When my season slows down in the fall, all I can think about is chilling out for a hot minute, traveling and getting to fish a little myself. Its easy to get fired up to go fish on the nice days, but not so easy on the marginal weather days. That is where I can rely on a few buddies to light a fire under my ass and get me motivated again. Nobody is better at that than DJ Dan. His passion for fly fishing is contagious, and one can’t help but to feed off of it. He is the epitome of optimistic. He is an extremely talented guy behind the camera and with the fly rod, both on and off the water. His overall stoke on fishing rekindles mine, and is exactly what I need after a long guide season.
Here are some pics from the last year or so, in no particular order. Some are new and some are a little older
I spent the first week of September fun fishing in New Orleans with my buddy Mike O. We fished with Capt Greg Dini of www.flywaterexpeditions.com and new guide Capt Brandon Keck of www.southernflyexpeditions.com We had an awesome time.
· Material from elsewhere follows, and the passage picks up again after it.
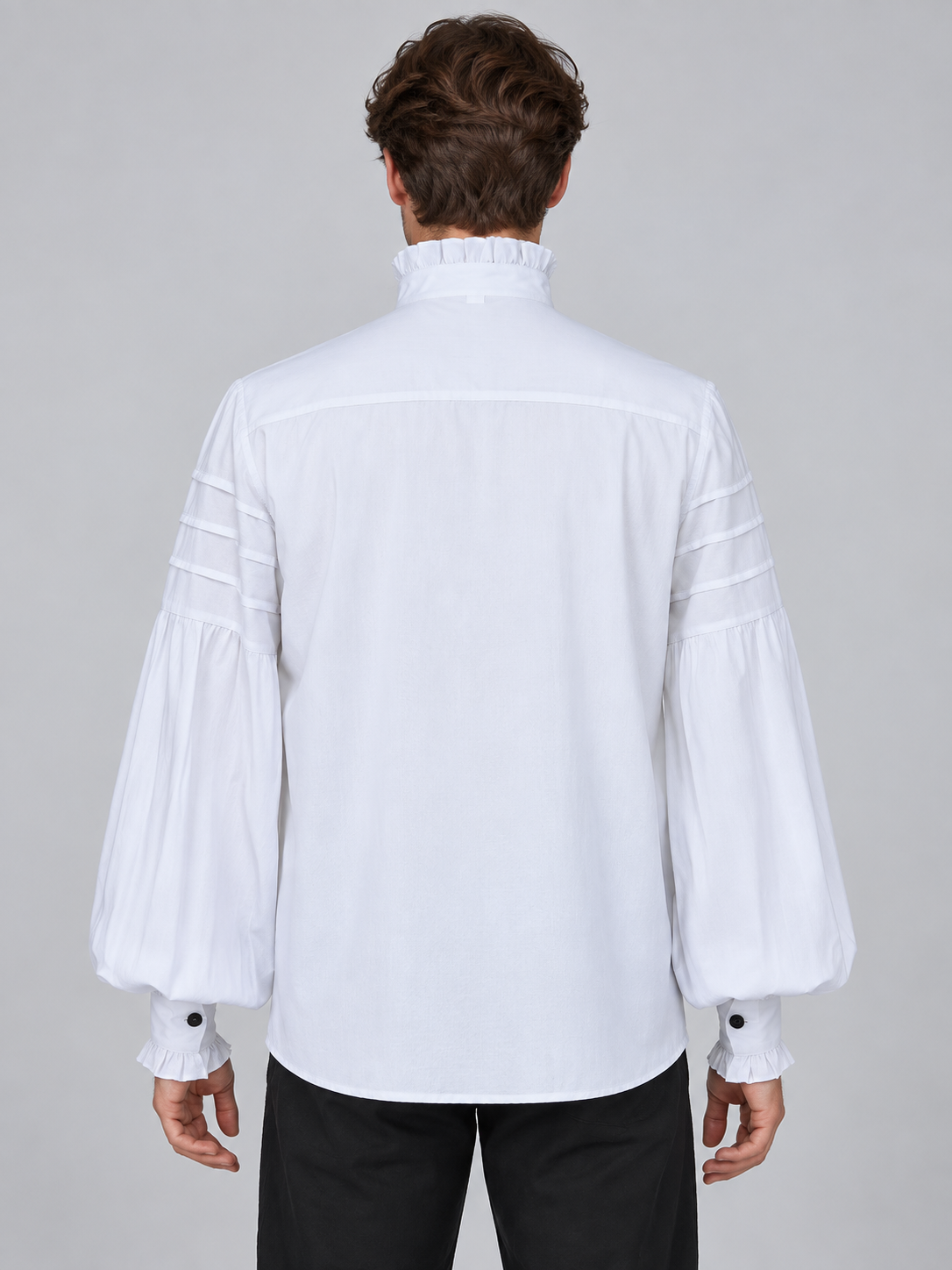 White shirt with a high collar, ruffles, and a brooch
Monster redfish on poppers, what is not to like about it? The Marsh is an unbelievable place. It’s hard to explain it and is best seen through one’s own eyes and perspective. You truly only take pictures of redfish there if they are over 20 lbs…. or if they have a penis shaped popper in their mouth.
I had a chance to fish with the Godfather of SWC for a few hours. We had some tough lighting conditions. Vince made a good shot at some permit holding on the end of a bar, and came tight with this guy instead. We were convinced he had permit on for a few minutes.
Here is Brendan Burnside with his first FL bonefish on fly. Brendan is the person solely responsible for me being a fly fishing guide. I was struggling and new to the sport while living out west. Brendan gave me a few tips and whooped my ass on the river more than once. He jump started my fly fishing ten fold with one short lesson on the water which he probably doesn’t even remember. I have learned a ton from him about fishing and life in general. He is a great person, new father, and a phenomenal fly caster. It was awesome to get to show him around my neck of the woods, although he has a nack for bringing hurricanes with him when he gets into town. Brendan is the head guide at Tahoe Fly Fishing Outfitters in Lake Tahoe. Look him up if you are ever out that way.
I had a chance to fish with Bonefish Bjorn Stromsness from http://bonefishonthebrain.com/about-2/ and dan Dow from http://www.bonefishtarpontrust.org We had perfect conditions and found quite a few happy redfish.
Capt Rob Kramarz with a nice tailing glades red caught on fly.
Had a fun day with Pat and Becca
Capt Mike O’Dell with his first permit on fly!
11yr old Jack with his first sight fished permit
The fisherman formerly known as Orangefurious with his first tarpon on fly
I had a day off recently that coordinated with a few of my fishing guide buddies day off from thew Lower Keys. We ended up going offshore, and it was a nice change of pace.
Capt Beau Woods jacking up the pilchards
Capt Justin Rea with a topwater blackfin
Capt Rob Kramarz with one of many monster yellowtails on fly from that day
These are some random jump shots from this past tarpon season. I have to admit, I don’t take pictures of 75% of the tarpon I catch on my charters. I am usually worried about sharks, slamming into a bridge and the overall health and wellbeing of the fish we so humbly get to catch on a regular basis. Preserving them is far more important to me than a picture. My best opportunity at a photo op is trying to catch them when they jump.